Warm up problem 8: parallelogram, not enough info?

Let $a$ be the top and bottom parallel sides, and $b$ be the left and right parallel sides. Then we know that

$2(a+b)=176$
$10a=12b$ .

A little algebra gets us $a=48$ , so that the area is $480$ square units. $\square$

Edit: Here's the actual parallelogram, drawn to accurate scale

Funny Parallelogram

where $10$ and $12$ represent the distances between the $2$ pairs of parallel lines.

There are two ways to find the area (A), one for each height. Let a = base for 10, and b = base for 12.

A = 10a = 12b.

a = A/10

b = A/12

Perimeter: 2a + 2b = 176

Divide by 2: a + b = 88

Substitution gives: (A/10) + (A/12) = 88

Multiply by 120: 12A + 10A = 10560

Add: 22A = 10560

Divide by 22: A = 480

No need to find either base length.

Let a and b be the sides. The area =10 * a =12 * b.
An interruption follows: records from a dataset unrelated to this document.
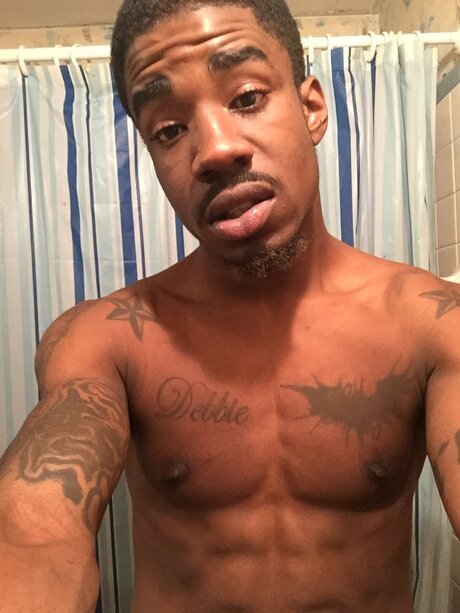 Billy Bangaxx model high quality pic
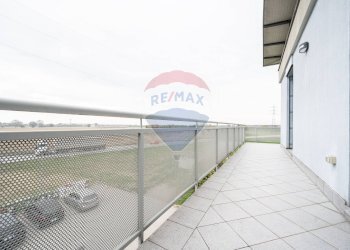 Balcone - Quadrilocale Via Villascassa
 
82, Viadana - foto 46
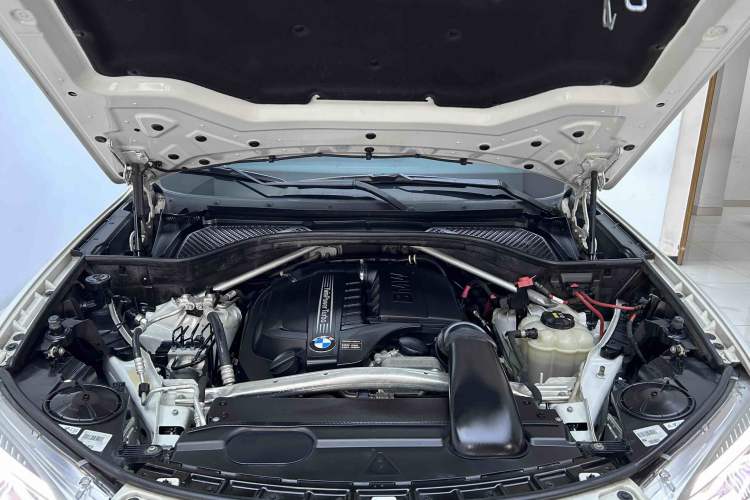 Used BMW X5 2018 xDrive35i Base Model Middle East Engine Bay
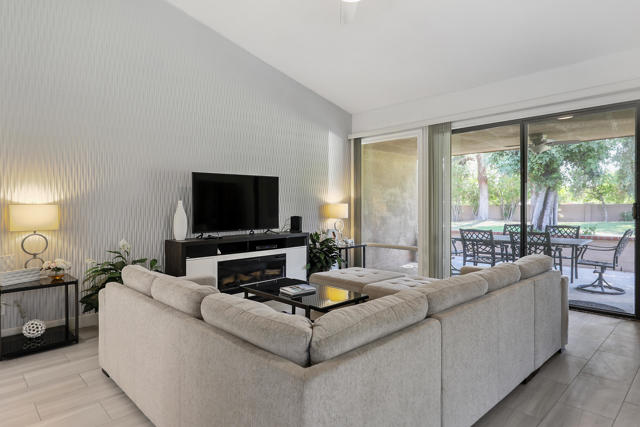 5 Majorca Drive, Rancho Mirage CA: https://media.crmls.org/mediaz/c2b2f919-a238-4ab4-88eb-bb8f1eecd340.jpg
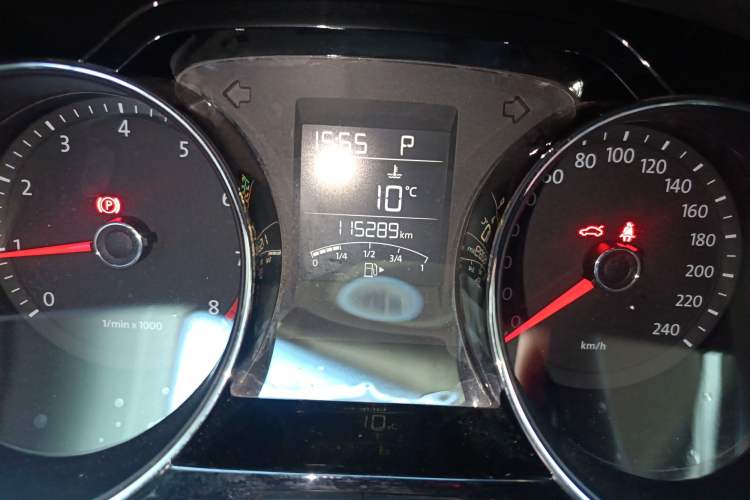 Used Volkswagen Bora 2015 Value Edition 1.6L Automatic Comfort Version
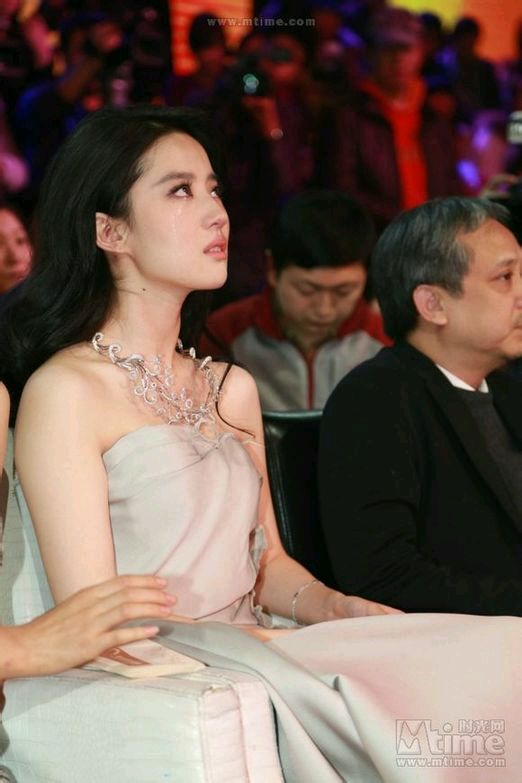  /a>》系列三部曲之第二部,由 a target="_blank" href="/item/陈嘉上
Now dividing these two we get $\frac ab=\frac{12}{10}$ .

Therefore $\frac{(a + b)}{b} = \frac{22}{10} \text{ and } a + b = \frac{176}{2} \Rightarrow b = 40$

Hence Area is $40 * 12 = 480.\square$

Let $\theta$ be the angle opposite to 12 and 10.

The perimeter is 2a + 2b = 176, so a + b = 88.

Since $sin \theta$ = 10/a and $sin \theta$ = 12/b

12/b = 10/a

12a = 10b

a = 5b/6

Thus, a + b = 88

5b/6 + b = 88

11b/6 = 88

b/6 = 8

b = 48

10 is the altitude since it's perpendicular to a base.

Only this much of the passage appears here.